**Exercise objective:** Could you copy exactly the lines below from the one with "Disgruntled man threw" to the one with "-34% sur les", inclusive, leaving out any pictures?

**Entries shown:**
------------------------
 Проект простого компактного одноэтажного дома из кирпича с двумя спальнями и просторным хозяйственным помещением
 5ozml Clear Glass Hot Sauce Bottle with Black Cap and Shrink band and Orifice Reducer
------------------------
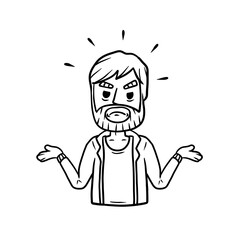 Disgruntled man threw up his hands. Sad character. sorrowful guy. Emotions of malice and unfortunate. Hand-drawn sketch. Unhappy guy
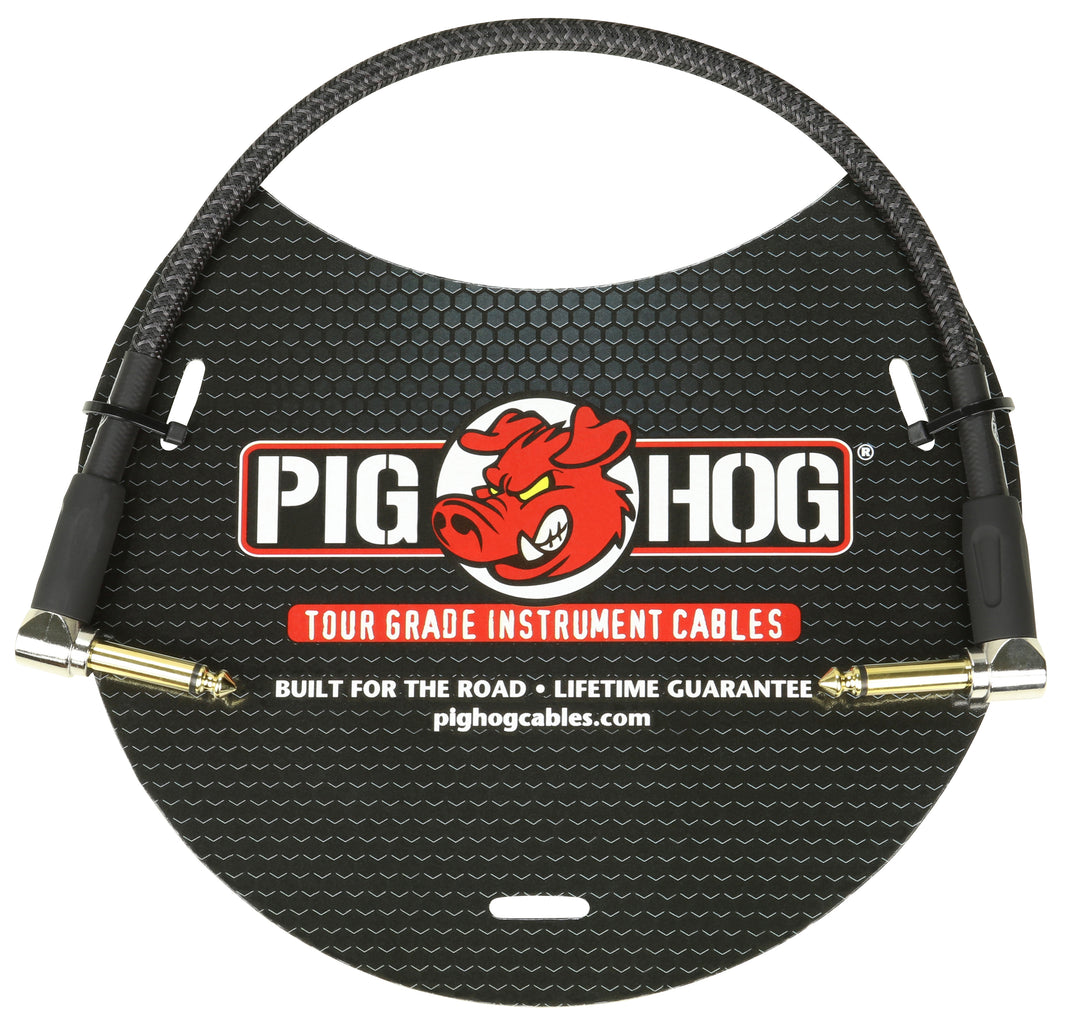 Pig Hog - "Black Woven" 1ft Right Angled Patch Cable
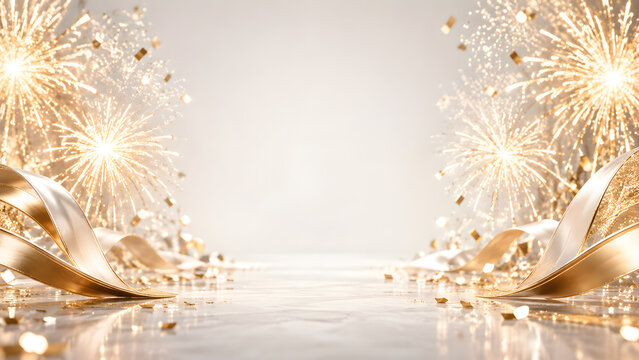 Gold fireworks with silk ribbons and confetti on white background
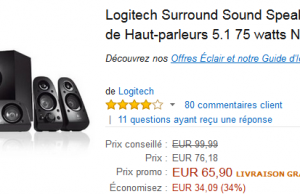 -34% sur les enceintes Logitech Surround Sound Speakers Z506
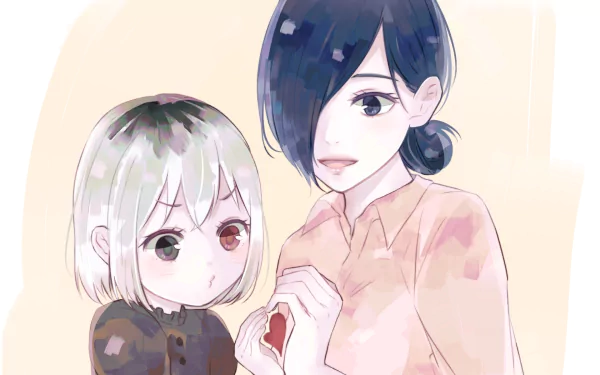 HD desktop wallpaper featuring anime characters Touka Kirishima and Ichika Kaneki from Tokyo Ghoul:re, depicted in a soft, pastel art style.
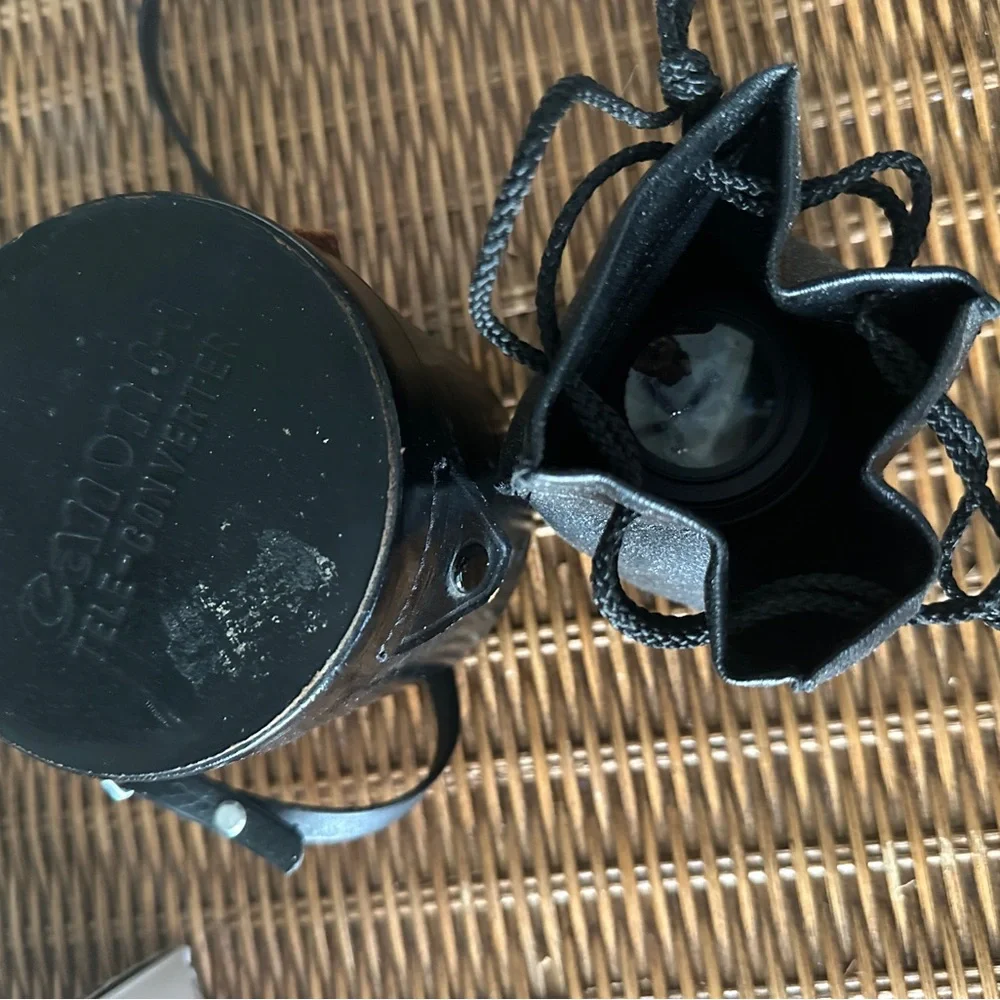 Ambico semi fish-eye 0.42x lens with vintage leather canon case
------------------------
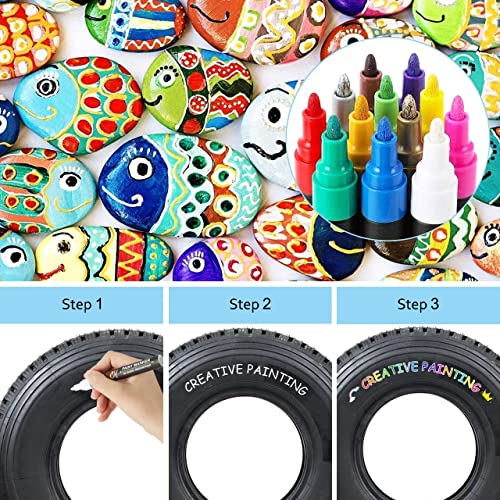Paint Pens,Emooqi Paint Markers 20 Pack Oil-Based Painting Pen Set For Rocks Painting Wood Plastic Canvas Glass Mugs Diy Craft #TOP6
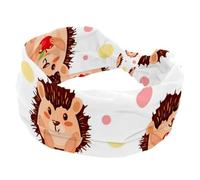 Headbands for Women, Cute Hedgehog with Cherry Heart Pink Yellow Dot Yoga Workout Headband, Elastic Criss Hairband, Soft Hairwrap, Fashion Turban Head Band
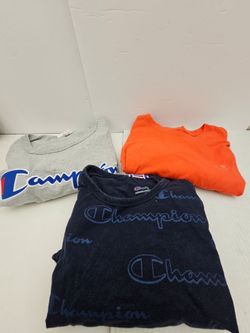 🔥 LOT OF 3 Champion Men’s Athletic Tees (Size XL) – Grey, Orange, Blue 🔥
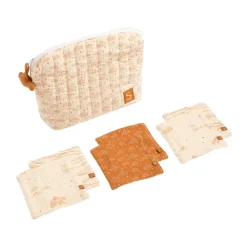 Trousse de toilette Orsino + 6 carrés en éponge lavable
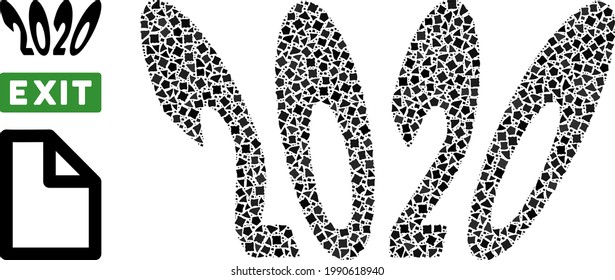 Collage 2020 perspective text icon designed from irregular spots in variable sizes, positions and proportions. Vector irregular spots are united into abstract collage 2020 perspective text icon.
------------------------
**Answer section:**
 Disgruntled man threw up his hands. Sad character. sorrowful guy. Emotions of malice and unfortunate. Hand-drawn sketch. Unhappy guy
 Pig Hog - "Black Woven" 1ft Right Angled Patch Cable
 Gold fireworks with silk ribbons and confetti on white background
 -34% sur les enceintes Logitech Surround Sound Speakers Z506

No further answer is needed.